Du willst tatsächlich auf elektrische Pumpen setzen? Was haben die denn für eine Leistungsaufnahme?


----------



## BastiPDM (8. Sep. 2018)

Soll halt ein reiner Koiteich sein. Wollte den Bestand dann auch aufstocken.

Dachte immer je größer desto besser. Eventuell werde ich mir ein IBC sparen.
Mal sehen, aber Reserven zu haben ist ja auch wichtig.

Welche Alternativen gibt es denn noch außer elektrisch? 
(die Pumpen sind regelbar und haben bei voller Last laut Hersteller 385 W minmal 45 W)


----------



## Zacky (8. Sep. 2018)

Hallo.



BastiPDM schrieb:


> Als Zulauf einen Bodenablauf und einen Skimmer.

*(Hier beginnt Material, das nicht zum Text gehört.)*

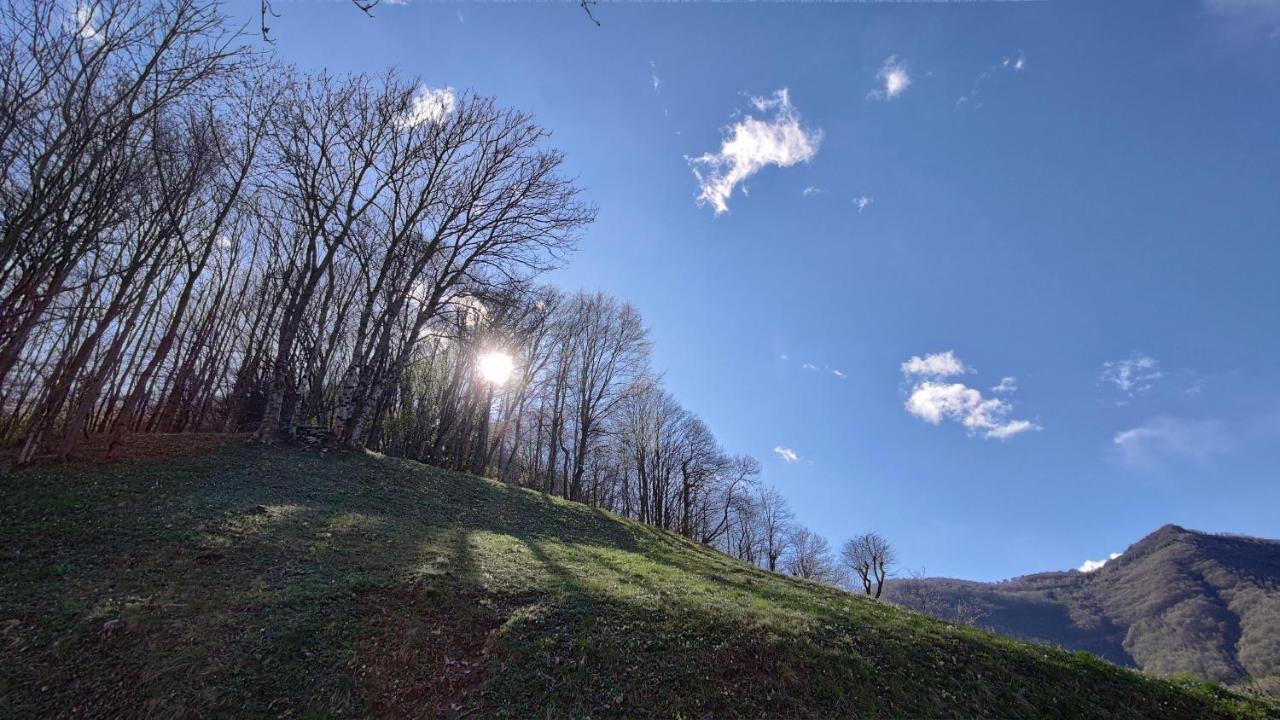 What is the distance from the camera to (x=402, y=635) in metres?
6.61

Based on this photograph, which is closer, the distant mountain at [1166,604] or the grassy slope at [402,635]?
the grassy slope at [402,635]

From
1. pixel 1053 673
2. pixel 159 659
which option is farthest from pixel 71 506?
pixel 1053 673

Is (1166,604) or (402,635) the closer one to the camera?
(402,635)

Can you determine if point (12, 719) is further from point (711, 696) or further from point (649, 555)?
point (649, 555)

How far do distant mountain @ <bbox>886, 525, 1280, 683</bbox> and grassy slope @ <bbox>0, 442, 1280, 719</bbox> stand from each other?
4002 inches

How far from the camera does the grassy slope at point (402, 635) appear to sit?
5453 millimetres

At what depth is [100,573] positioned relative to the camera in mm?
6812

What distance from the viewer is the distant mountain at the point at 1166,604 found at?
10725 centimetres

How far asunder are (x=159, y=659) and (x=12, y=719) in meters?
1.00

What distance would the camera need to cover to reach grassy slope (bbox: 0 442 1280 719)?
5.45m

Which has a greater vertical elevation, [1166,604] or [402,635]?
[402,635]

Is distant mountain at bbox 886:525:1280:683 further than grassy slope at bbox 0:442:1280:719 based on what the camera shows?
Yes

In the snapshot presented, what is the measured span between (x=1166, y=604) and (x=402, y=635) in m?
208

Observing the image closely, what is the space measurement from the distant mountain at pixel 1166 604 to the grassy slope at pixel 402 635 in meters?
102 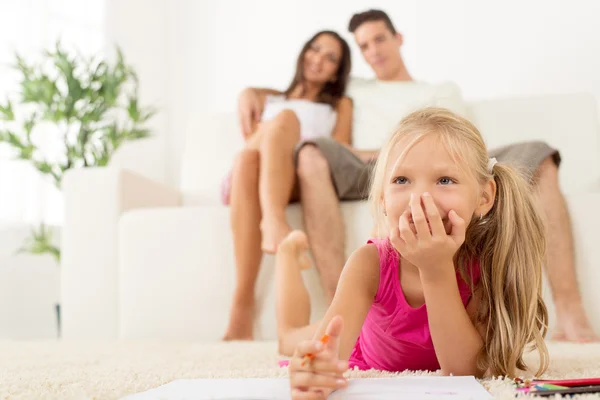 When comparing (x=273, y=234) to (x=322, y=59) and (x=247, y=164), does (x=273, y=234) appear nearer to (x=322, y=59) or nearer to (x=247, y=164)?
(x=247, y=164)

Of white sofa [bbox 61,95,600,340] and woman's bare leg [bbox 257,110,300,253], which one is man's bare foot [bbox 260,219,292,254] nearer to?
Answer: woman's bare leg [bbox 257,110,300,253]

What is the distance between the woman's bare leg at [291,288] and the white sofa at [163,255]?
155mm

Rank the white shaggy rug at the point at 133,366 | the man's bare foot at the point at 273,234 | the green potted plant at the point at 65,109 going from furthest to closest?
the green potted plant at the point at 65,109 < the man's bare foot at the point at 273,234 < the white shaggy rug at the point at 133,366

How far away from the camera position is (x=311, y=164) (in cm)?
145

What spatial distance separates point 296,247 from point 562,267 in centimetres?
55

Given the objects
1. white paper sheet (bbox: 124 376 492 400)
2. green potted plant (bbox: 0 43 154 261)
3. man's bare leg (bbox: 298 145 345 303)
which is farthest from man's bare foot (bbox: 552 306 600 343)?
green potted plant (bbox: 0 43 154 261)

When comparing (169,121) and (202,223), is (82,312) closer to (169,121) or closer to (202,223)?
(202,223)

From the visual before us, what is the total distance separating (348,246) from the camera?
1.43m

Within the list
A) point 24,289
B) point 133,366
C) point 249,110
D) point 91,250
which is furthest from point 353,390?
point 24,289

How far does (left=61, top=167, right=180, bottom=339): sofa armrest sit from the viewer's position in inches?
63.2

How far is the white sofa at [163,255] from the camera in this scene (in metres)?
1.44

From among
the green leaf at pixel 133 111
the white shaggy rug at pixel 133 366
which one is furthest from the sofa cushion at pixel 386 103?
the green leaf at pixel 133 111

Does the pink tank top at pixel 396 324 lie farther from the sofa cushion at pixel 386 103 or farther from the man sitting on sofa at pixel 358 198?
the sofa cushion at pixel 386 103

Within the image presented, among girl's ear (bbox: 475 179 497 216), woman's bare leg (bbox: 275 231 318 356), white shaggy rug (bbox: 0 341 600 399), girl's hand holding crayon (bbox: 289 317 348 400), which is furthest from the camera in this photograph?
woman's bare leg (bbox: 275 231 318 356)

Das ist, wie ich finde, aber ein sportliches Ziel. Einen 35 m³ Teich mit 35 Koi und dann nur mit einem Bodenablauf und einen Skimmer, aber mit 2 x 30.000 l/h umwälzen!?

Die beiden 110er Rohrleitungen werden meiner Meinung nach keine 60.000 l/h erlauben. Daher die Frage, wieso 2 x 30.000 l/h?

Das 160er von Sifi auf 2 x 110 aufgespalten, wird dieses Volumen auch nicht zulassen.

Dann sind die IBC untereinander nur mit 3 x DN 110 verbunden und dazu noch die Mengen an Filtermedien werden auch noch keine 60.000 l/h erlauben, so dass am Ende die beiden Pumpen den letzten IBC leer saugen werden und sich 4-5 unterschiedliche Wasserstände in den Behältern bilden werden, so dass zudem die Filtermedien vermutlich nur noch zu 50 % durchströmt werden.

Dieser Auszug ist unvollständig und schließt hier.